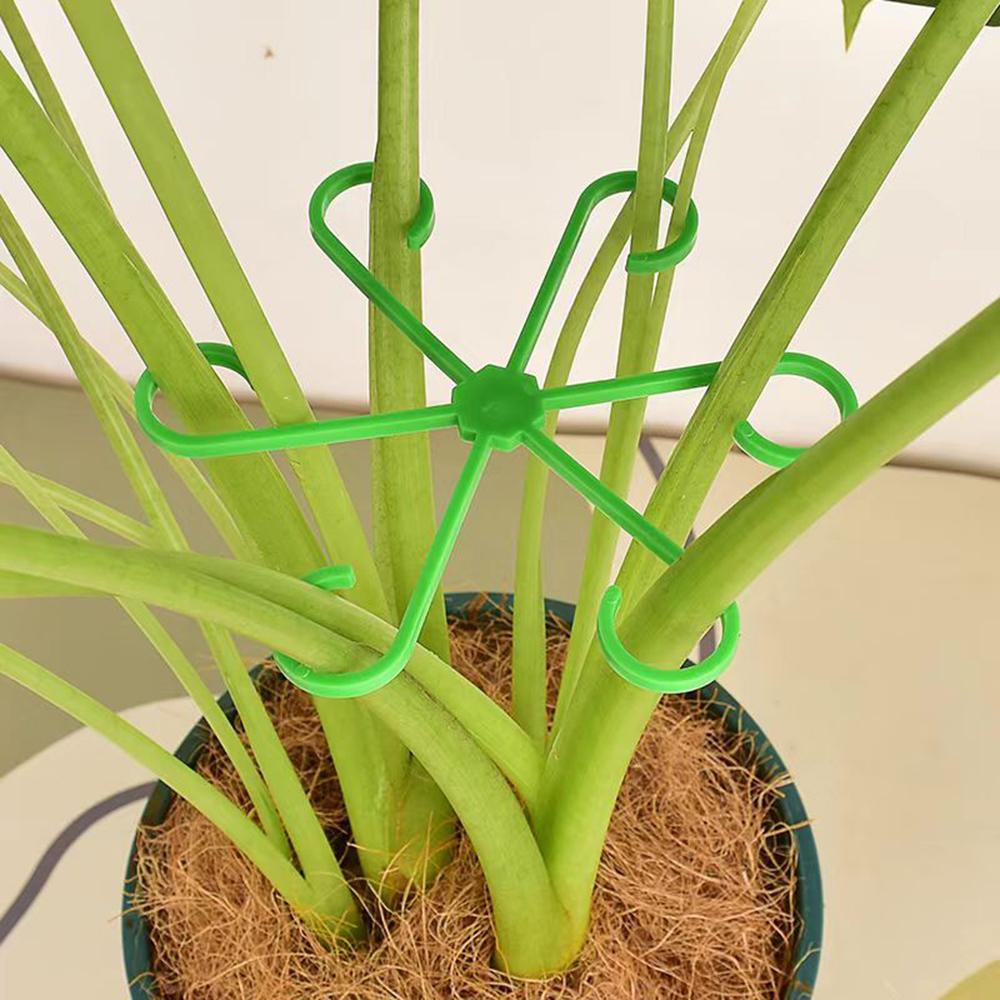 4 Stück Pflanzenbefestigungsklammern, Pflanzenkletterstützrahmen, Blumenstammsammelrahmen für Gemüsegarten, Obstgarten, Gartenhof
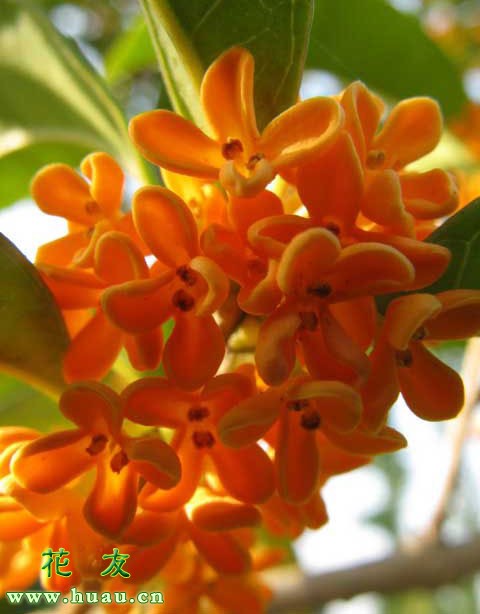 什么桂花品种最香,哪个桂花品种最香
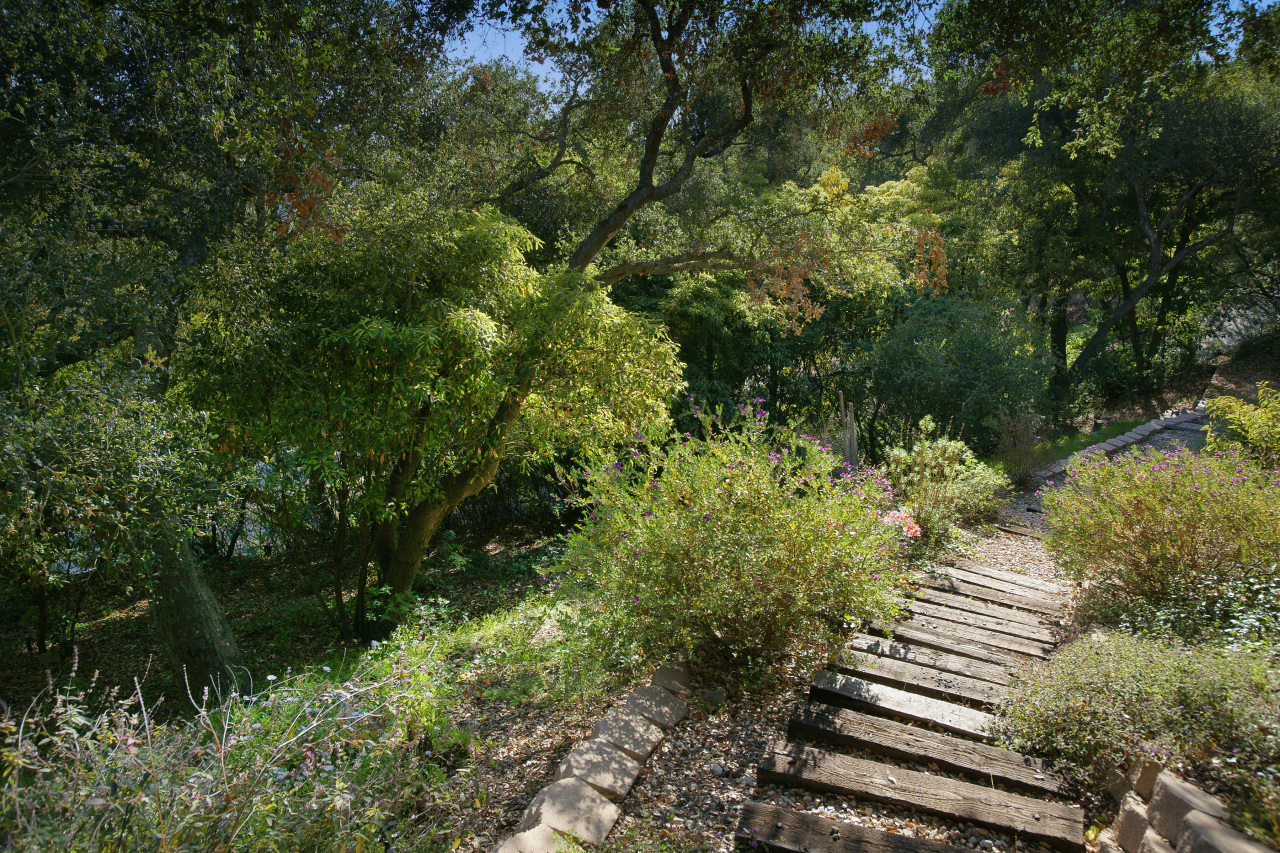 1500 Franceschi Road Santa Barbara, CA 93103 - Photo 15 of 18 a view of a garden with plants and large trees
* * *
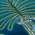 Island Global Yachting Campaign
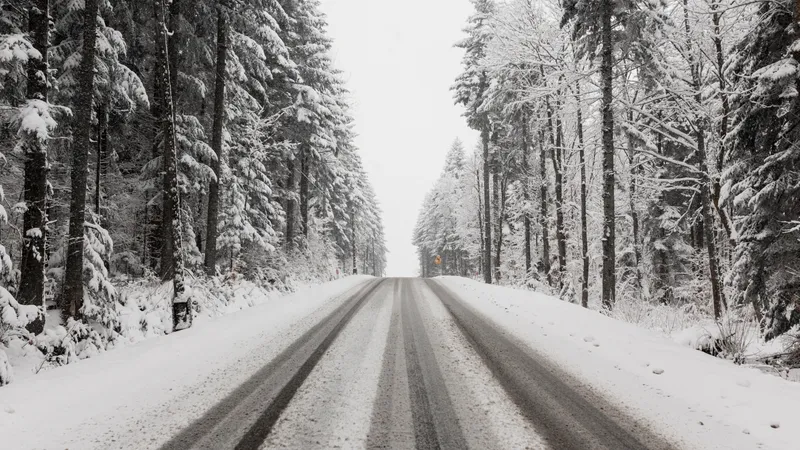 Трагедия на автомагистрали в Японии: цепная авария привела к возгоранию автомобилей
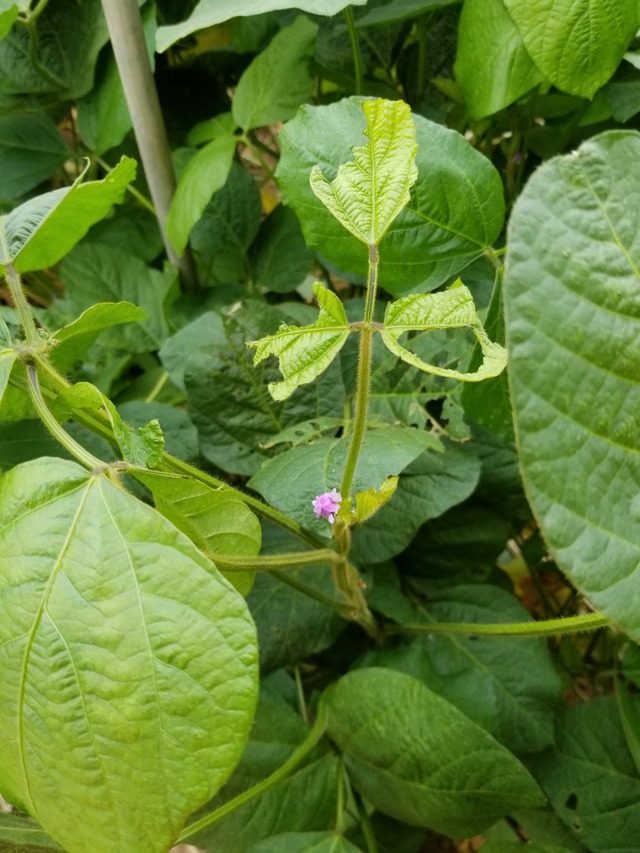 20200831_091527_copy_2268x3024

**YOUR TASK:**
Write out word for word the lines above that run from the one with "Gemüsegarten, Obstgarten, Gartenhof" to the one with "1500 Franceschi Road". Include both end lines; exclude the images.

**EXPECTED ANSWER:**
 4 Stück Pflanzenbefestigungsklammern, Pflanzenkletterstützrahmen, Blumenstammsammelrahmen für Gemüsegarten, Obstgarten, Gartenhof
 什么桂花品种最香,哪个桂花品种最香
 1500 Franceschi Road Santa Barbara, CA 93103 - Photo 15 of 18 a view of a garden with plants and large trees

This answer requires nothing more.